Renaming Jacob to Israel was just brilliant. The name would forever encourage those who “own” it to keep perspective, realizing that, like Jacob, they are not innocent, but are capable of all of the less flattering attitudes and behaviors displayed in their namesake. The cycle of Israel’s history was one of choosing to be faithful followed by fading faithfulness followed by painful consequences that come from drawing from a source that is not God, not Love. In time, Israel as a whole would struggle their way to repentance – turning toward – God, who was always faithful to re-engage their covenant relationship.
Personally, we would do well to remember our faith’s poster child as well. While we look to Jesus as the model of our faith, we may be wise to keep a picture of Jacob/Israel nearby. We need the same perspective this provided for the Jewish people. Such perspective hopefully engenders a humility that will keep us honest with the tension between our self-centered tendencies that can so often lead to destructive ends and the Way of the Spirit of God which is the source of life, love, restoration, creation – all the fruits that are beautiful and good. What can we do to be consistently aware of the wrestling match about which we seem to be oblivious much of the time, and therefore inclined toward less than ideal choices?
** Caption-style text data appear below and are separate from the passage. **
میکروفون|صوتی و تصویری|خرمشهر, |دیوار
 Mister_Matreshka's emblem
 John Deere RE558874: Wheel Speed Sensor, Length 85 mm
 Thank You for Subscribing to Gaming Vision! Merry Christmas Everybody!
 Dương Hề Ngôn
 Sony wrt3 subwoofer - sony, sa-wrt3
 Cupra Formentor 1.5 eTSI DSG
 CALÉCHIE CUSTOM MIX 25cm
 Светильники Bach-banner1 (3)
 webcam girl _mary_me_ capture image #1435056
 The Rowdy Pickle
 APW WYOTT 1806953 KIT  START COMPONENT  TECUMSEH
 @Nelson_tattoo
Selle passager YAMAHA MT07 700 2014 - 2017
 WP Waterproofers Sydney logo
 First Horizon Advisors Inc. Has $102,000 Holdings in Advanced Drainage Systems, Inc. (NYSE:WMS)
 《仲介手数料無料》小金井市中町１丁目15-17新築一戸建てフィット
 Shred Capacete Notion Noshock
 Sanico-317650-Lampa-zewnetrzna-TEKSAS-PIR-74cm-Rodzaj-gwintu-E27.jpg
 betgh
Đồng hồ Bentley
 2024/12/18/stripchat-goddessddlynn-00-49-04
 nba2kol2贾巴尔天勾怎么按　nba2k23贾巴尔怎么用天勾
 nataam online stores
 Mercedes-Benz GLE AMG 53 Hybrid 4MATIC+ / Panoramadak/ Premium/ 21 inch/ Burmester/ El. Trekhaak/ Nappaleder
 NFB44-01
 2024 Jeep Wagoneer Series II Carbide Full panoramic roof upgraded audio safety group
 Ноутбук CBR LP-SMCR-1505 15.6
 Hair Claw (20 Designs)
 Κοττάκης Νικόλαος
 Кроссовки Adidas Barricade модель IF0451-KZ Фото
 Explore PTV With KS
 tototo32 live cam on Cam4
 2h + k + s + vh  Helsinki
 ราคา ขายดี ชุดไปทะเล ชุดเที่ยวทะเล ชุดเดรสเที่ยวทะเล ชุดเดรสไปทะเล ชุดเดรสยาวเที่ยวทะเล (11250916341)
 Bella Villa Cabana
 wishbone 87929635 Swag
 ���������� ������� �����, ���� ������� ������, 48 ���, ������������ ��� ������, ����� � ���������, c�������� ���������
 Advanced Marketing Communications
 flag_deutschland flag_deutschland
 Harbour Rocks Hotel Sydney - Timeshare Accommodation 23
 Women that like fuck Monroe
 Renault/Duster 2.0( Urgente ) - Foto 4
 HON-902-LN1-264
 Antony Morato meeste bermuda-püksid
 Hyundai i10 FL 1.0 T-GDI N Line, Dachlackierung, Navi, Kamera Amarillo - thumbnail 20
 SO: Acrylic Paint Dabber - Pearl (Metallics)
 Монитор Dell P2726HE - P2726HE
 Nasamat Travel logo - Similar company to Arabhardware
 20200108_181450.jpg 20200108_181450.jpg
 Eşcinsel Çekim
Recently, I was listening to a well-respected meditation teacher who shared a tip she incorporated into her personal practice many years ago. Anybody who meditates knows that one of the problems is that our minds can go a little crazy. We can be flooded with an endless assault of thoughts and ideas, or even as we sit and try to be still, something may distract us and our mind is off to the races. Focusing on breathing is the foundation for a lot of meditative practice. Simply calming ourselves with such focus does amazing things for us mentally, emotionally, and physically. All by focusing attention on the breath. The instructor employs a simple technique to stay focused on her breath. When she inhales and exhales, focusing on her breath, she simply says (in her mind), “breath.” When her mind wanders (and she recognizes it) she simply says, “not breath.” So simple, yet so effective at staying on track with something that generates so many positive benefits.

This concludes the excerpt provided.